The result summary is below:
## Family: gaussian
## Links: mu = identity; sigma = identity
## Formula: y ~ b0 + b1 * (dollars - omega) * step(omega - dollars) + b2 * (dollars - omega) * step(dollars - omega)
## b0 ~ 1 + (1 | year)
## b1 ~ 1 + (1 | year)
## b2 ~ 1 + (1 | year)
## alpha ~ 1 + (1 | year)
## omega ~ inv_logit(alpha) * 10
## Data: select(df, y, dollars, year) (Number of observations: 500)

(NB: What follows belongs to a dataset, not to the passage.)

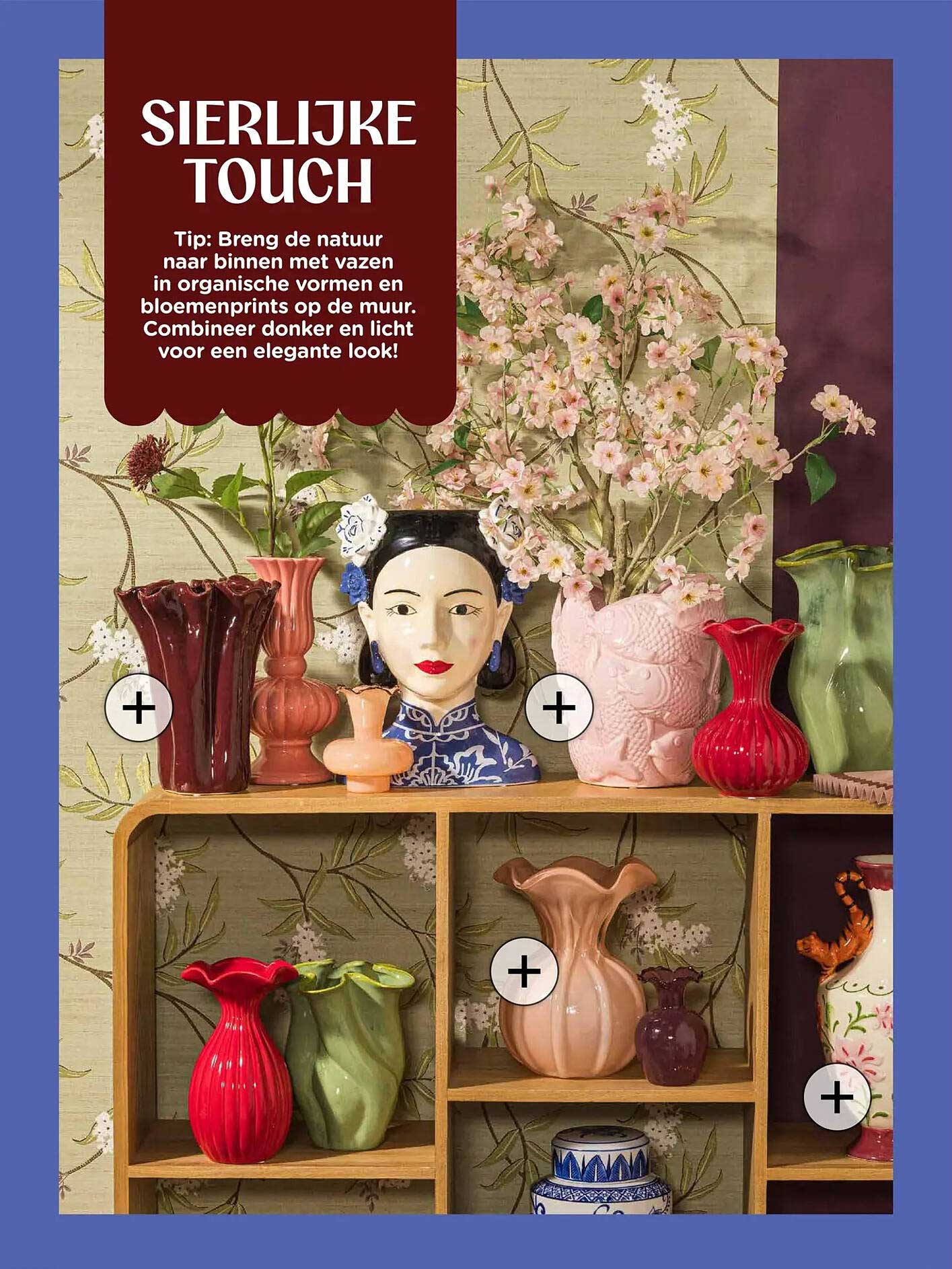 Sierlijke touch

## Samples: 4 chains, each with iter = 2000; warmup = 1000; thin = 1;
## total post-warmup samples = 4000
##
## Group-Level Effects:
## ~year (Number of levels: 5)
## Estimate Est.Error l-95% CI u-95% CI Rhat Bulk_ESS Tail_ESS
## sd(b0_Intercept) 2.45 1.33 0.99 6.15 1.00 1155 1749
## sd(b1_Intercept) 0.24 0.21 0.02 0.76 1.00 1135 1890
## sd(b2_Intercept) 0.11 0.12 0.00 0.40 1.00 1164 1844
## sd(alpha_Intercept) 1.39 0.82 0.45 3.63 1.00 1273 1117
##
## Population-Level Effects:
## Estimate Est.Error l-95% CI u-95% CI Rhat Bulk_ESS Tail_ESS
## b0_Intercept 4.09 1.19 1.10 6.15 1.00 1134 1527
## b1_Intercept 0.82 0.15 0.52 1.12 1.00 1493 1415
## b2_Intercept 0.08 0.08 -0.08 0.26 1.00 1973 1715
## alpha_Intercept -0.09 0.68 -1.55 1.21 1.00 1411 1198
##
## Family Specific Parameters:
## Estimate Est.Error l-95% CI u-95% CI Rhat Bulk_ESS Tail_ESS
## sigma 1.11 0.04 1.04 1.18 1.00 4290 2479
##
## Samples were drawn using sampling(NUTS). For each parameter, Bulk_ESS
## and Tail_ESS are effective sample size measures, and Rhat is the potential
## scale reduction factor on split chains (at convergence, Rhat = 1).
So the distribution of the hyperparameter α is also our population-level
(fixed) effect of alpha (alpha_Intercept
).
This time we have to get the estimates of ω from the random intercepts in the model:
## Year fixed_omega random_omega true_omega delta
## 1 1 4.767127 2.324506 3 0.6754936
## 2 2 4.767127 4.318650 4 0.3186496
## 3 3 4.767127 4.856660 5 0.1433400
## 4 4 4.767127 5.646031 6 0.3539690
## 5 5 4.767127 7.814716 7 0.8147164
The L1 difference for the ω estimates was 0.4612337, which should be smaller than the no pooling L1 difference.
The R2 was:
## Estimate Est.Error Q2.5 Q97.5
## R2 0.6994572 0.01278434 0.6725309 0.7226745
Despite similar estimates for the other parameters (b1, b2) and similar R2 values, the partial pooling model was able to estimate the true ω values better than the no pooling model. The benefit was due to shrinkage in the random estimates of ω for each year. The amount of shrinkage is represented precisely by the L1 difference between the two models: L1no pool — L1partial = 0.1880205.
Another way to compare models is via the WAIC:
## elpd_diff se_diff elpd_waic se_elpd_waic p_waic se_p_waic waic se_waic
## pp_fit 0.0 0.0 -770.6 16.3 18.5 1.4 1541.3 32.6
## np_fit -0.1 0.6 -770.7 16.3 18.4 1.4 1541.4 32.5
The WAIC comparison can be uncertain in this context. Check the
se_diff
to elpd_diff
ratio. Notice that even though our partial
pooling model had more parameters, the penalty (p_waic
) may be
smaller. This is due to the regularization of the hyperparameter for
alpha (which the model learned from the data). The regularization (i.e.,
shrinkage) results in a less flexible posterior and therefore fewer
effective parameters.
Given the uncertainty in the WAIC comparisons, comparing the L1 difference between ω for the two models seems to be a more valid test for the best model in this context.
Nb. A complete pooling model would assume there is no variation in ω
between years and so only estimate a single population-level (fixed)
value for ω (e.g., alpha = 1
). Clearly this will produce the worst
L1 difference and so wasn’t considered here.